Elasticsearch lowercase filter search

20,051

Solution 1

The problem is that you have a field that you have analyzed during index to lowercase it, but you are using a term filter for the query which is not analyzed:

Term Filter

Filters documents that have fields that contain a term (not analyzed). Similar to term query, except that it acts as a filter.

http://www.elasticsearch.org/guide/en/elasticsearch/reference/current/query-dsl-term-filter.html

I'd try using a query filter instead:

Query Filter

Wraps any query to be used as a filter. Can be placed within queries that accept a filter.

Example:

{
    "constantScore" : {
        "filter" : {
            "query" : {
                "query_string" : {
                    "query" : "this AND that OR thus"
                }
            }
        }
    } }

http://www.elasticsearch.org/guide/en/elasticsearch/reference/current/query-dsl-query-filter.html#query-dsl-query-filter

Solution 2

This may be achieved by appending .keyword to your field to query against the keyword version of the field. Assuming language was defined in the mapping with type keyword.

Note that now only the exact text would match: mandarin won't match and Italian would.

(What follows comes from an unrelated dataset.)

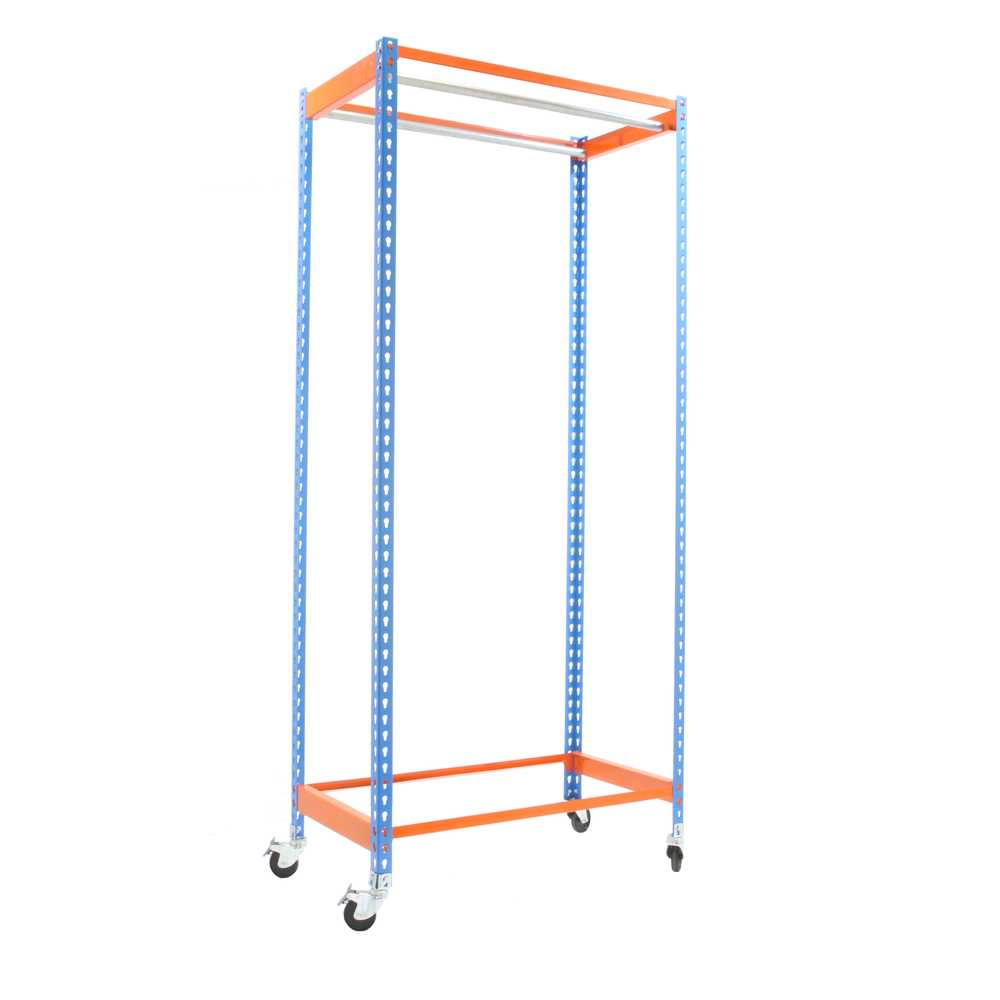 Rayonnage pour vêtements 2075x1200x500 - 1 niveau Bleu - SIMON RACK - 8435104958735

Your query would end up like this:

{
    "query": {
        "filtered": {
            "filter": {
                "bool": {
                    "should": [
                        {
                            "term": {
                                "language.keyword": "mandarin" // Returns Empty
                            }
                        },
                        {
                            "term": {
                                "language.keyword": "Italian" // Returns Italian.
                            }
                        }
                    ]
                }
            }
        }
    }
}

Combining the term values is also allowed:

{
    "query": {
        "filtered": {
            "filter": {
                "bool": {
                    "should": [
                        {
                            "term": {
                                "language.keyword":
                                     ["mandarin", "Italian"]
                            }
                        }
                    ]
                }
            }
        }
    }
}
Share:
20,051
Maruf
Author by

Maruf

Updated on April 02, 2020

Comments

  • Maruf
    Maruf about 4 years

    I'm trying to search my database and be able to use upper/lower case filter terms but I've noticed while query's apply analyzers, I can't figure out how to apply a lowercase analyzer on a filtered search. Here's the query:

    {
        "query": {
            "filtered": {
                "filter": {
                    "bool": {
                        "should": [
                            {
                                "term": {
                                    "language": "mandarin" // Returns a doc
                                }
                            },
                            {
                                "term": {
                                    "language": "Italian" // Does NOT return a doc, but will if lowercased
                                }
                            }
                        ]
                    }
                }
            }
        }
    }
    

    I have a type languages that I have lowercased using:

    "analyzer": {
        "lower_keyword": {
            "type": "custom",
            "tokenizer": "keyword",
            "filter": "lowercase"
        }
    }
    

    and a corresponding mapping:

    "mappings": {
        "languages": {
            "_id": {
                "path": "languageID"
            },
            "properties": {
                "languageID": {
                    "type": "integer"
                },
                "language": {
                    "type": "string",
                    "analyzer": "lower_keyword"
                },
                "native": {
                    "type": "string",
                    "analyzer": "keyword"
                },
                "meta": {
                    "type": "nested"
                },
                "language_suggest": {
                    "type": "completion"
                }
            }
        }
    }
    
  • Maruf
    Maruf almost 10 years
    So if I wanted tho term to be lowercased would I change the tokenizer to a lowercase one and reindex everything?
  • John Petrone
    John Petrone almost 10 years
    No, it's already lowercased during indexing due to the lowercase filter. The problem is you need to use a query type that will also analyze - Term filters do not.
  • odyth
    odyth over 8 years
    Would you see better performance if you just lowercased your input so you could continue using a Term Filter over using a Query Filter?